- In the 1960/70s the late Nyachae is credited with having encouraged his Kisii community to take advantage of the ongoing land and business reforms and spread out of the heavily populated homelands into the rest of Kenya.
- As the Chief Secretary in the Moi government in the early 1980s, he introduced District Focus for Rural Development Planning, a new concept of “devolving” development planning and implementation from central government to the districts.
- Many experts, especially economists, were transferred from Nairobi and provincial headquarters to the districts to implement the District Focus programme under District Development Committees.
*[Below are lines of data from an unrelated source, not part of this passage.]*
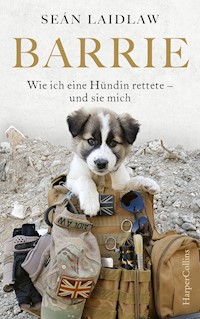 Barrie – Wie ich eine Hündin rettete – und sie mich - Sean Laidlaw - E-Book
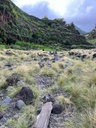 FINCA RUSTICA LAS GOTERAS-BARRANCO DEL RÍO S/N - EL ROQUE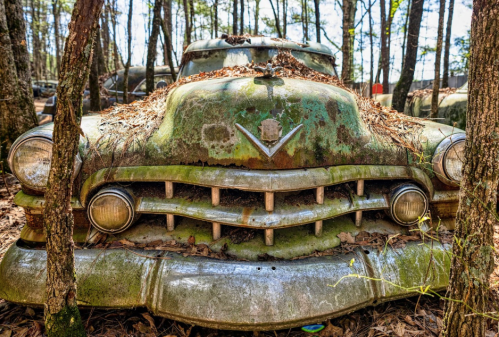 A weathered, moss-covered vintage car front, partially hidden among trees and foliage in a forest setting.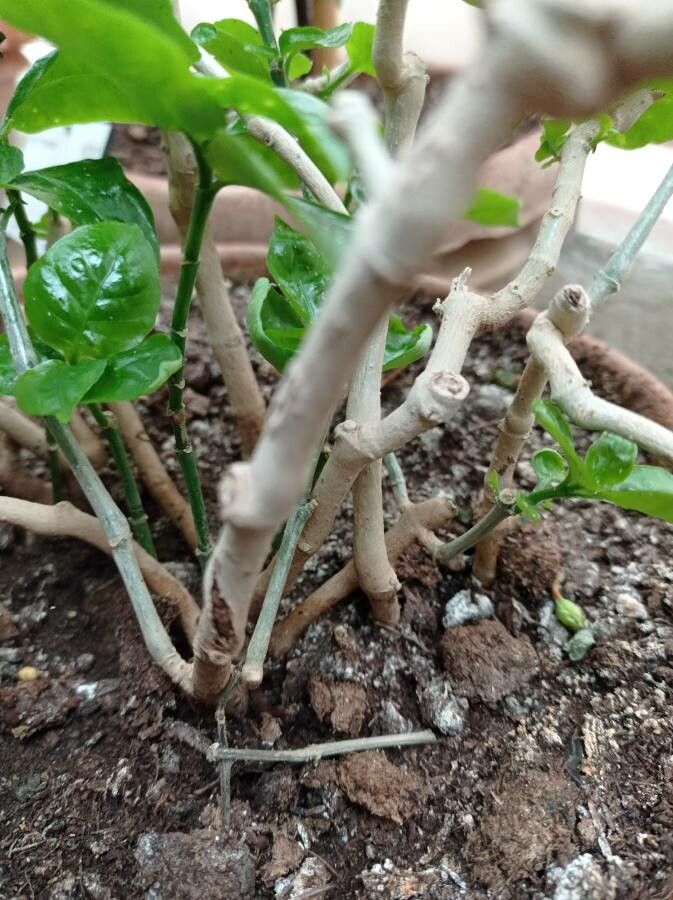 Ruellia solitaria bark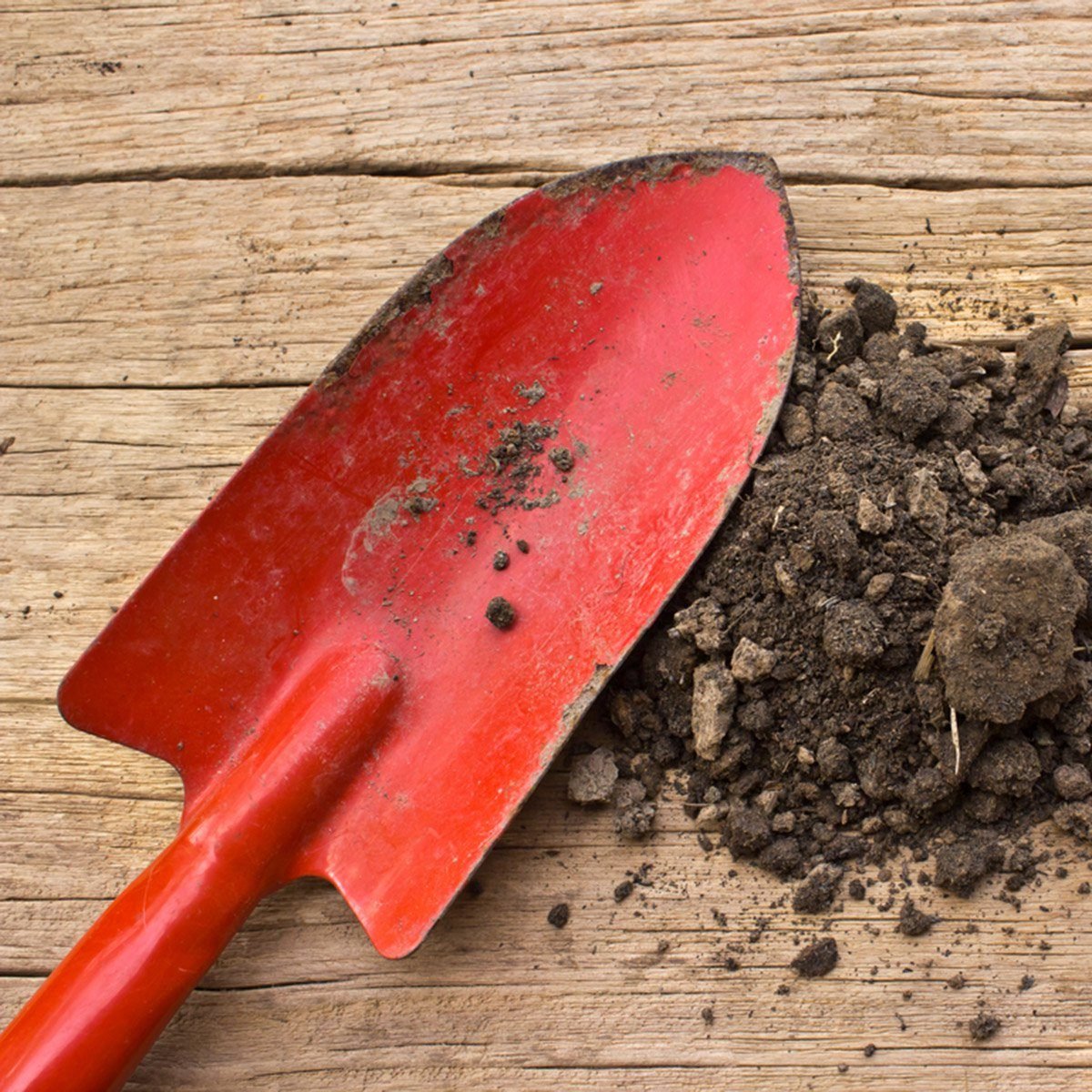 What Every Gardener Should Know About Topsoil
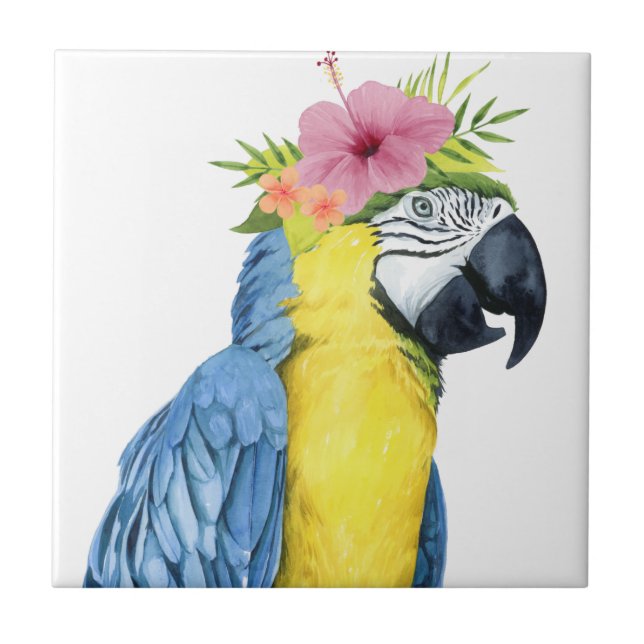 Tropical Halo - Parrot Ceramic Tile (Front)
The late Simeon Nyachae was one of the most experienced civil servants (and politicians) having gained administrative and governance experience stretching from colonial times, and through Jomo’s, Moi’s, and Kibaki’s governments. Principled and tough in mind, we saw him as someone who stood up for what he believed in. Here are some occurrences big and small that linger in my memory.
In the 1960/70s the late Nyachae is credited with having encouraged his Kisii community to take advantage of the ongoing land and business reforms and spread out of the heavily populated homelands into the rest of Kenya.
As the Chief Secretary in the Moi government in the early 1980s, he introduced District Focus for Rural Development Planning, a new concept of “devolving” development planning and implementation from central government to the districts.
Many experts, especially economists, were transferred from Nairobi and provincial headquarters to the districts to implement the District Focus programme under District Development Committees.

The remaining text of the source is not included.